## Exercise
Go through the data below and copy each line where the word "ceiling" occurs.

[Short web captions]
###

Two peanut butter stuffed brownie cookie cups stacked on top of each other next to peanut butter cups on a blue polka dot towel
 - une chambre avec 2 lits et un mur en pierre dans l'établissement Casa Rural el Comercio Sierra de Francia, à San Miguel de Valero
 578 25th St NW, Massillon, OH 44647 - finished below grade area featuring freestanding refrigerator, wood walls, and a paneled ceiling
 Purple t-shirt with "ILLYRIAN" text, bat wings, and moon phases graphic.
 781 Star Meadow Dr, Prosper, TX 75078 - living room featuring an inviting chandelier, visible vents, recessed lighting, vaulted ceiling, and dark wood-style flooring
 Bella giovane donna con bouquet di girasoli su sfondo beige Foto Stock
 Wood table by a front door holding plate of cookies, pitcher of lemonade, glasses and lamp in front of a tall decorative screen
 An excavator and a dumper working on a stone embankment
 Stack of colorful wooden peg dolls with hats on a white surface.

###

## Solution for this problem
 578 25th St NW, Massillon, OH 44647 - finished below grade area featuring freestanding refrigerator, wood walls, and a paneled ceiling
 781 Star Meadow Dr, Prosper, TX 75078 - living room featuring an inviting chandelier, visible vents, recessed lighting, vaulted ceiling, and dark wood-style flooring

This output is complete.